Hims & Hers revenue rises 4% to $608M, gross margins compress to 65%
Hims & Hers (NYSE:HIMS) posted first-quarter revenue of $608.1 million, a 4% increase compared to $586 million in the prior-year period.
However, the company’s gross margin fell to 65% from 73% a year ago, a compression driven by a strategic move away from compounded semaglutide.
The company reported a net loss of $92.1 million, or approximately $0.41 per share, a sharp reversal from the $49.5 million in net income recorded in the first quarter of 2025.
Adjusted EBITDA also declined, falling to $44.3 million from $91.1 million year-over-year.
The quarter marks a "defining year" for the platform, according to CEO Andrew Dudum, as the company pivots toward a business model centered on branded GLP-1 medications.
Following the resolution of drug shortages for Wegovy and Zepbound, Hims & Hers recently launched collaborations with Novo Nordisk and Eli Lilly to provide FDA-approved options directly to its 2.6 million subscribers.
While these partnerships ensure long-term regulatory stability, they carry higher acquisition costs and lower margins than the compounded offerings that fueled the company's triple-digit growth in 2025.

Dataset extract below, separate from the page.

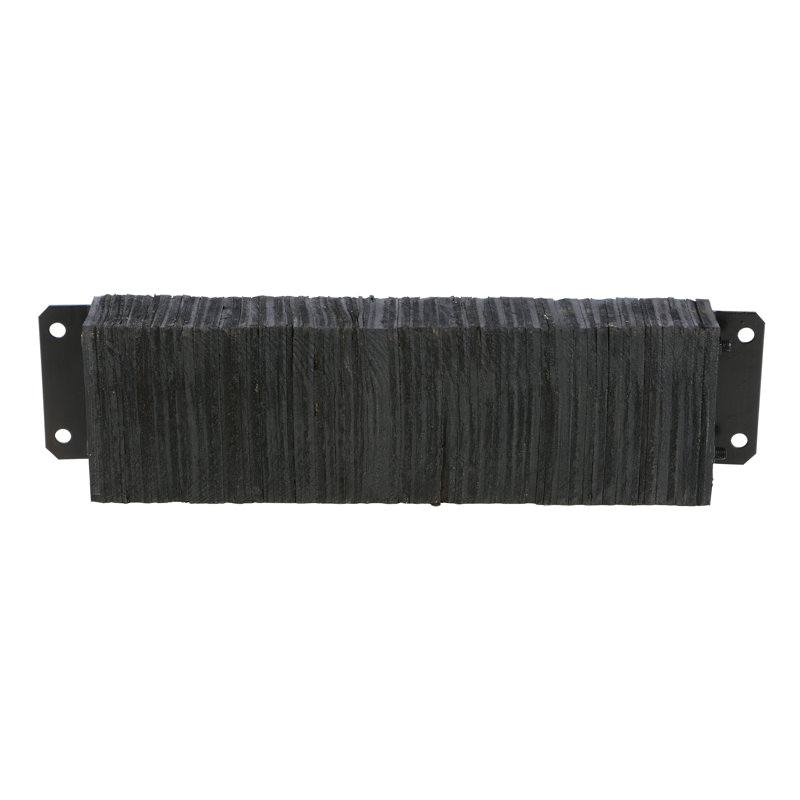 Tour de lit Vestil Dock, H 10 po x l 38,25 po x P 4,5 po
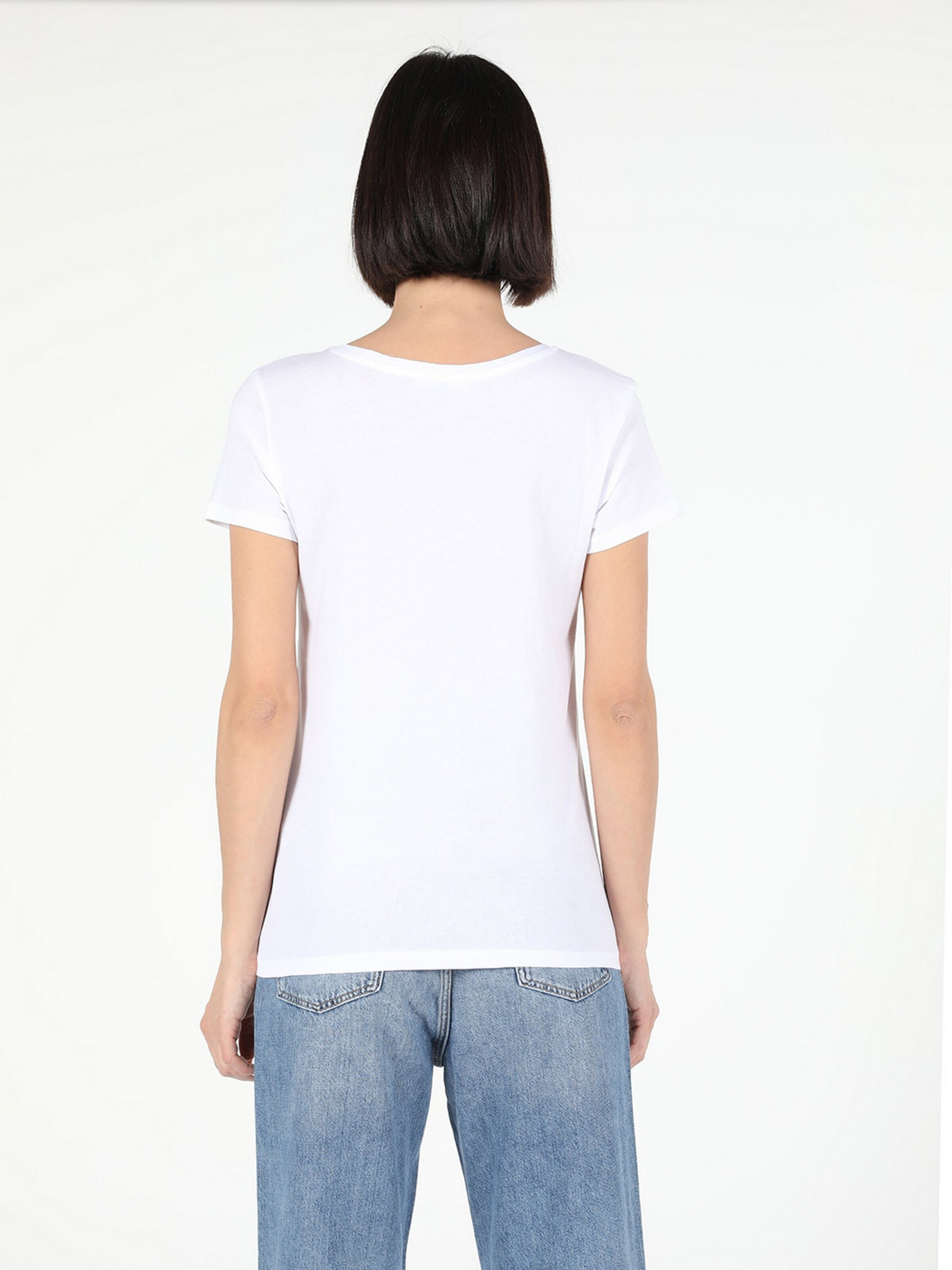 Футболки и поло Colin’s модель CL1054395WHT Фото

Despite the GAAP net loss, the company’s cash generation remained resilient.
Free cash flow for the quarter was $53 million, slightly exceeding the $50.1 million generated in the same period last year.
Hims & Hers ended the quarter with a robust subscriber base that grew 9% year-over-year, bolstered by the debut of its "Labs AI" agent, a tool designed to help users interpret biomarker data and personalize their wellness plans.
Looking ahead, management expressed confidence in the transition, raising its full-year 2026 revenue guidance to a range of $2.8 billion to $3.0 billion. The company also updated its adjusted EBITDA outlook to between $275 million and $350 million.